She was delighted. Nature had intended her to
be poor and to live in such a house. Domestic
arrangements always attracted her, especially when
they were on a small scale.
Cecil pulled Lucy back as she followed her mother.
“Mrs. Honeychurch,” he said, “what
if we two walk home and leave you?”
“Certainly!” was her cordial reply.
Sir Harry likewise seemed almost too
glad to get rid of them. He beamed at them knowingly,
said, “Aha! young people, young people!”
and then hastened to unlock the house.
“Hopeless vulgarian!”
exclaimed Cecil, almost before they were out of earshot.
“Oh, Cecil!”
“I can’t help it. It would be wrong
not to loathe that man.”
“He isn’t clever, but really he is nice.”
“No, Lucy, he stands for all
that is bad in country life. In London he would
keep his place. He would belong to a brainless
club, and his wife would give brainless dinner parties.
But down here he acts the little god with his gentility,
and his patronage, and his sham aesthetics, and every
one-even your mother-is taken
in.”
“All that you say is quite true,”
said Lucy, though she felt discouraged. “I
wonder whether-whether it matters so very
much.”
“It matters supremely.
Sir Harry is the essence of that garden-party.
Oh, goodness, how cross I feel! How I do hope
he’ll get some vulgar tenant in that villa-some
woman so really vulgar that he’ll notice it.
Gentlefolks! Ugh! with his bald head and
retreating chin! But let’s forget him.”
This Lucy was glad enough to do.
If Cecil disliked Sir Harry Otway and Mr. Beebe, what
guarantee was there that the people who really mattered
to her would escape? For instance, Freddy.
Freddy was neither clever, nor subtle, nor beautiful,
and what prevented Cecil from saying, any minute,
“It would be wrong not to loathe Freddy”?
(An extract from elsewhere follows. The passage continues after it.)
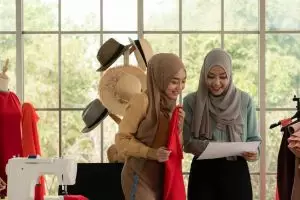 Berdasar zodiak, kamu bisa tahu model baju Lebaran yang cocok untukmu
And what would she reply? Further than Freddy
she did not go, but he gave her anxiety enough.
She could only assure herself that Cecil had known
Freddy some time, and that they had always got on
pleasantly, except, perhaps, during the last few days,
which was an accident, perhaps.
“Which way shall we go?” she asked him.
Nature-simplest of topics,
she thought-was around them. Summer
Street lay deep in the woods, and she had stopped
where a footpath diverged from the highroad.
“Are there two ways?”
“Perhaps the road is more sensible, as we’re
got up smart.”
“I’d rather go through
the wood,” said Cecil, With that subdued irritation
that she had noticed in him all the afternoon.
“Why is it, Lucy, that you always say the road?
Do you know that you have never once been with me
in the fields or the wood since we were engaged?”
“Haven’t I? The wood,
then,” said Lucy, startled at his queerness,
but pretty sure that he would explain later; it was
not his habit to leave her in doubt as to his meaning.
She led the way into the whispering
pines, and sure enough he did explain before they
had gone a dozen yards.
“I had got an idea-I
dare say wrongly-that you feel more at home
with me in a room.”
“A room?” she echoed, hopelessly bewildered.
“Yes. Or, at the most,
in a garden, or on a road. Never in the real
country like this.”
“Oh, Cecil, whatever do you
mean? I have never felt anything of the sort.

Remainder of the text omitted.